Subsample of vitamin and VTM premixes were obtained from each of six replicates at 0, 1, 2, 3, 6, and 12 months. Samples were immediately sent to the Ministry of Agriculture and Rural Affairs Feed Efficacy and Safety Evaluation Center (Beijing, China) used for vitamin analysis. The vitamin A (VA) and E (VE) were determined by the method 2012.10 [14]. In brief, the sample (2 g) was mixed with papain solution until dispersed, placed in a 37°C±2°C water bath, and extracted by methanol. This extract was analyzed by HPLC (Agilent 1200 Series; Agilent Technologies Inc., Santa Clara, CA, USA). For the extraction of vitamin D3 (VD3) from samples, the method of 992.26 [14] was used. In brief, 5 g sample was transferred to a centrifuge tube and anhydrous ethanol, ascorbic acid, and potassium hydroxide were added. Tubes were placed in a 75°C water bath. Subsamples were analyzed by HPLC followed by UV detection at 254 nm. For the determination of vitamin K3 (VK3), samples were extracted with trichloromethane. Extract filtered and injected into the HPLC system and UV detection was made at wavelength 251 nm [15]. For the extraction of water-soluble vitamins (vitamin B1 [VB1], vitamin B2 [VB2], vitamin B3 [VB3], vitamin B5 [VB5], and vitamin B6 [VB6]) from diets, the procedure of Chen et al [16] was used and modified. Five g of sample was weighed, extracted with phosphate buffer, heated in a water bath, and sonicated. The supernatants of the extracted samples were stored at −20°C until they were tested. These extracted samples were analyzed using a 250× 4.5 mm, 5 μm, Eclipse Plus C18 column (Agilent Technologies Inc., USA) on an Agilent liquid chromatograph. The stability of vitamins in vitamin premixes and VTM premixes during storage was determined and reported as the residual vitamin activity (% of initial) at each sampling point. This time was also convenient for us to compare with previous studies and for developing predicted equations to estimate the vitamin loss. The specific vitamin selected were based on the capacity to complete our respective lab analysis.
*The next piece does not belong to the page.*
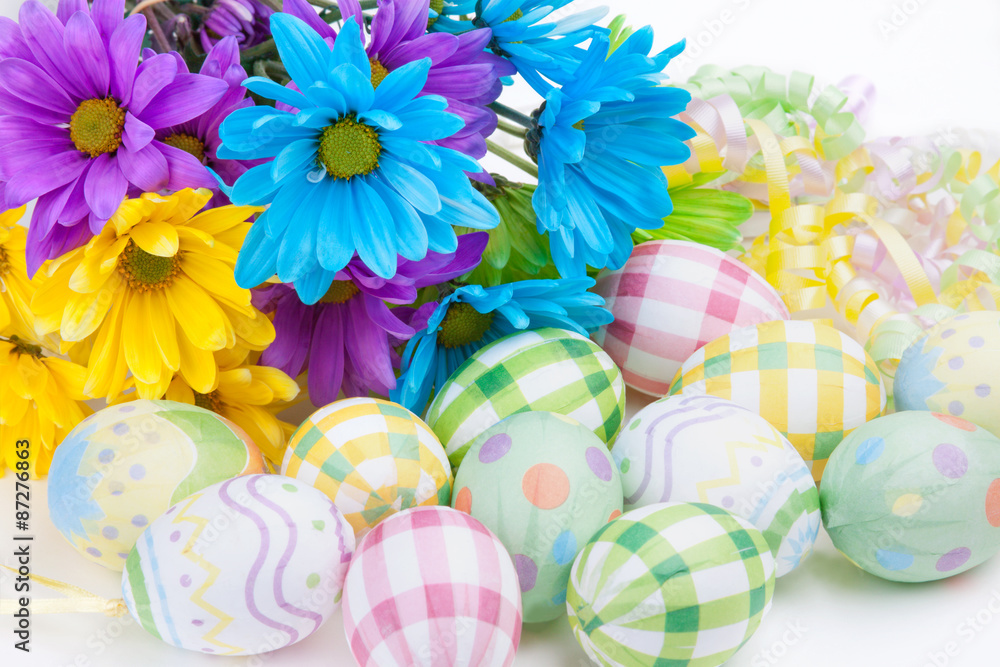 Easter Flowers and Eggs – Brightly colored daisies with decorated eggs for Easter.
Data treatment and statistical analysis

Normality of the data was verified using the UNIVARIATE procedure of SAS (SAS Inst. Inc., Cary, NC, USA). The BOXPLOT procedure of SAS was used to check for outliers. Data were analyzed using the MIXED procedure of SAS (SAS Inst. Inc., USA) to determine the interactive and main effects of choline chloride, high concentrations of Zn and Cn, and storage time on the activity of vitamins in vitamin and VTM premixes. Results were considered significant at p≤0.05 and a tendency at p≤0.10. Diagrams were generated using the Excel 2016 (Microsoft Corporation, Redmond, WA, USA). Vitamin retention was modelled using linear regression and non-linear regression. Linear regression to determine vitamin retentions was completed using the PROC REG procedure of SAS. Non-linear regression was performed using PROC NLIN procedures of SAS with exponential model (Eq. (1)). The exponential model is flexible owing to the inclusion of a shape constant in addition to the rate constant and has been employed to describe vitamin degradation kinetics [17].
(1)
Ct=C0×e-Kaat
Where Ct is the vitamin concentration at a time t, C0 is the initial vitamin concentration, Kaa is the rate constant. Modelling and analysis of variance were performed using SAS 9.4 (SAS Inst. Inc., USA). The R2 and the root mean square error of prediction (RMSEP) were used to define the best-fit equations.

RESULTS

Vitamin recovery method validation

Methods for vitamin analysis in samples were validated with repeatability between-day precision, long-term precision, limits of quantitation, and linearity (data not shown) by the staff of the Ministry of Agriculture and Rural Affairs Feed Efficacy and Safety Evaluation Center (Beijing, China). Calculated values (Table 1) were determined from the minimum declared vitamin concentrations as provided by each product’s manufacturer. The initial (d 0) analyzed vitamin concentrations of the vitamin premix, or VTM premixes are reported in Table 2. The analyzed vitamin values in vitamin premix or VTM premixes were similar to calculated vitamin values in vitamin premix or VTM premixes.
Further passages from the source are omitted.